Only one span of the listing below is wanted: the lines from the one with "Bedroom, logix-blossom-county 2" through the one with "kudos casino", reproduced exactly, both ends kept.
(Records shown Opens)
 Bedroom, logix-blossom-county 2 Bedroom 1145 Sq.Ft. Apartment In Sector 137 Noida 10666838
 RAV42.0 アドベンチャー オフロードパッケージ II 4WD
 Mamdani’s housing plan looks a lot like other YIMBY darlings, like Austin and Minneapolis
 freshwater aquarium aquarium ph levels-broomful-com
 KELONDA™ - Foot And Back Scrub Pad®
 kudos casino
(Records shown Closes)
(Records shown Opens)
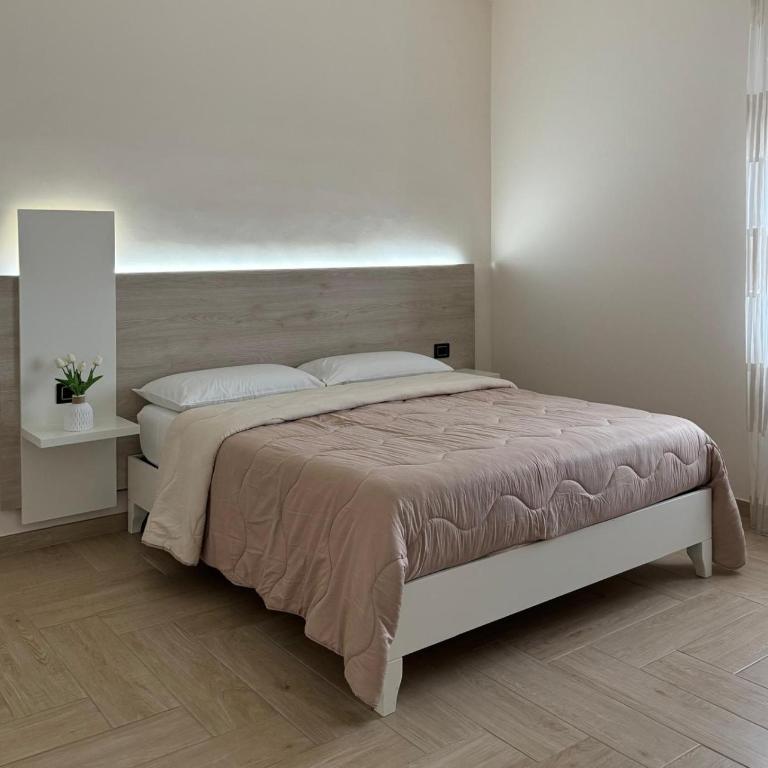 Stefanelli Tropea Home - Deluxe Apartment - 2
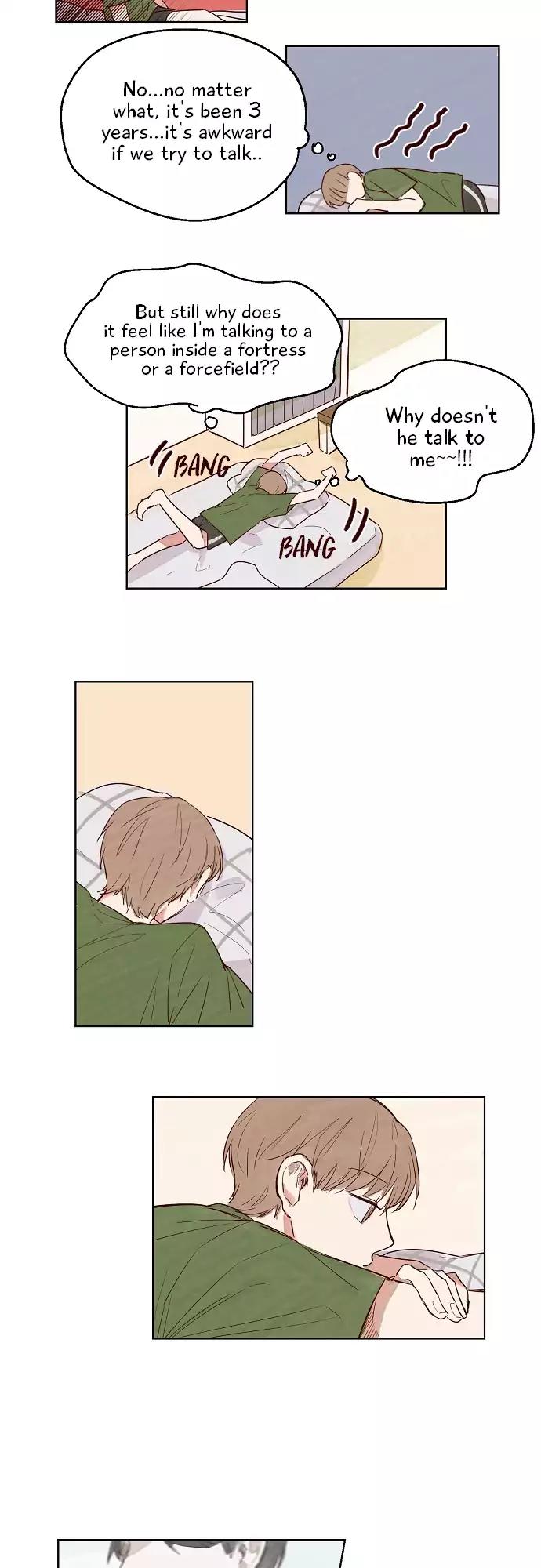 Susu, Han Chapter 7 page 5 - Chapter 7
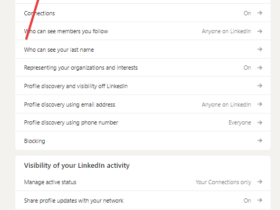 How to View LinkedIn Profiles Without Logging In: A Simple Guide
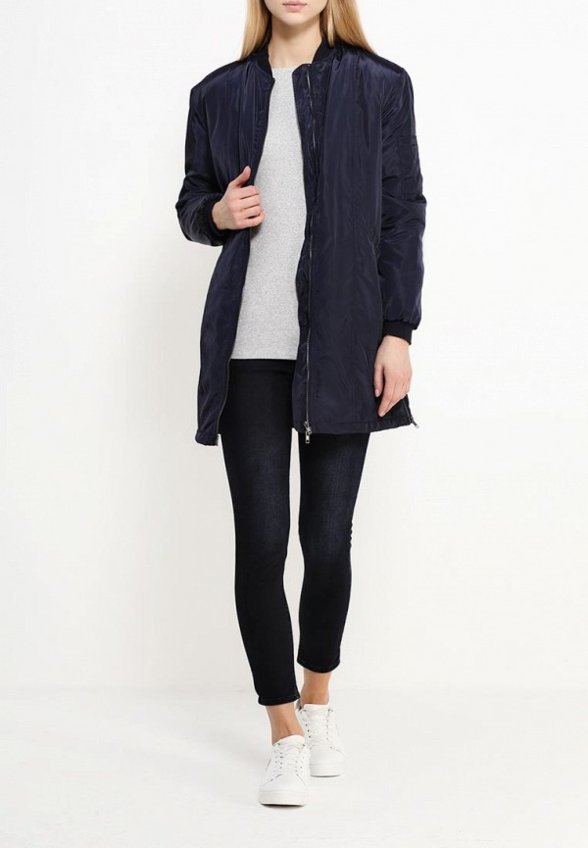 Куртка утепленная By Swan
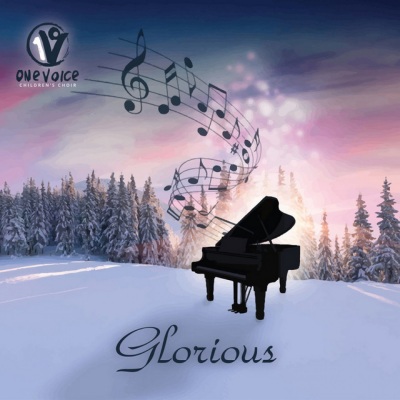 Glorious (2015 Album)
(Records shown Closes)
(Records shown Opens)
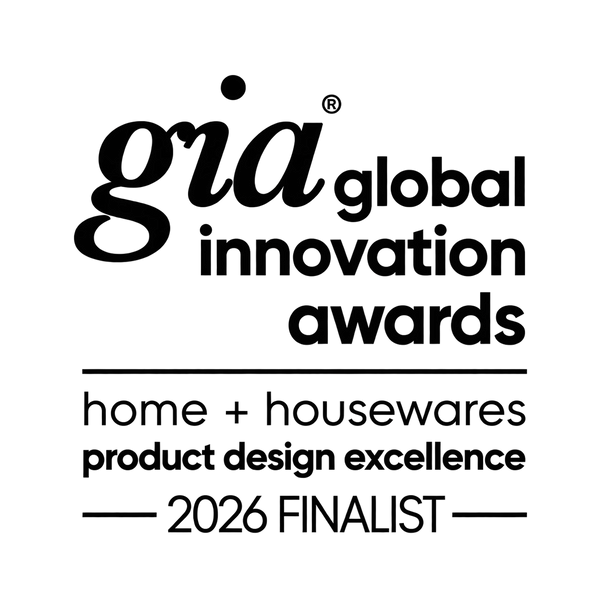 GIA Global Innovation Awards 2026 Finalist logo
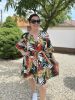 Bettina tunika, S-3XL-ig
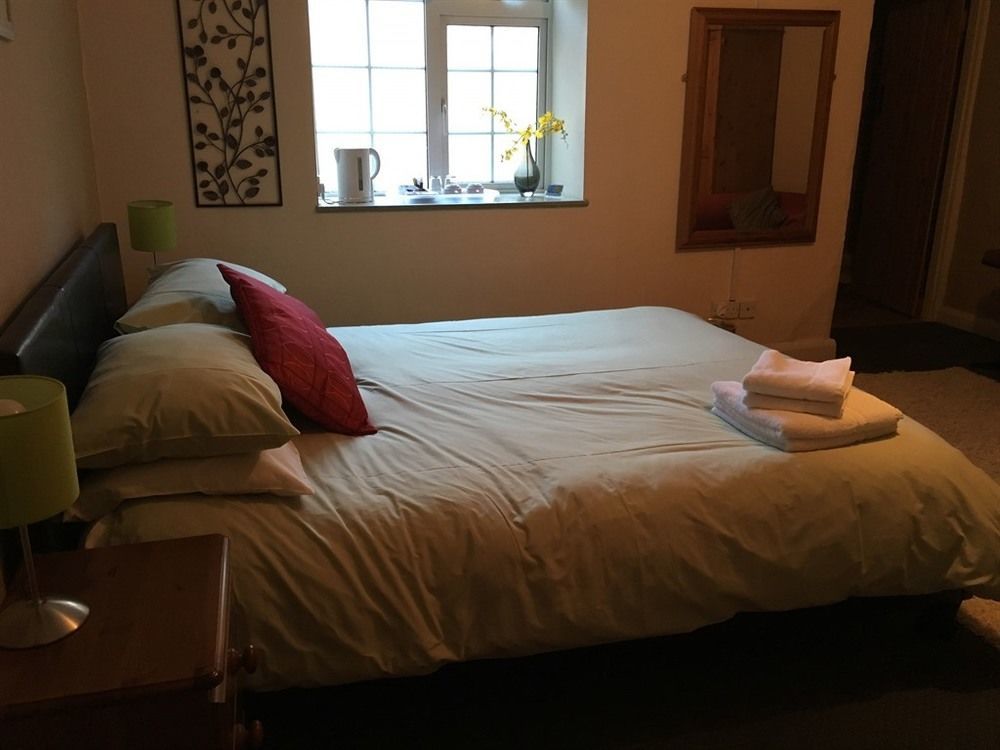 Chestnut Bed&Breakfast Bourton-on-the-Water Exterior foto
(Records shown Closes)
Output of the task ▸
 Bedroom, logix-blossom-county 2 Bedroom 1145 Sq.Ft. Apartment In Sector 137 Noida 10666838
 RAV42.0 アドベンチャー オフロードパッケージ II 4WD
 Mamdani’s housing plan looks a lot like other YIMBY darlings, like Austin and Minneapolis
 freshwater aquarium aquarium ph levels-broomful-com
 KELONDA™ - Foot And Back Scrub Pad®
 kudos casino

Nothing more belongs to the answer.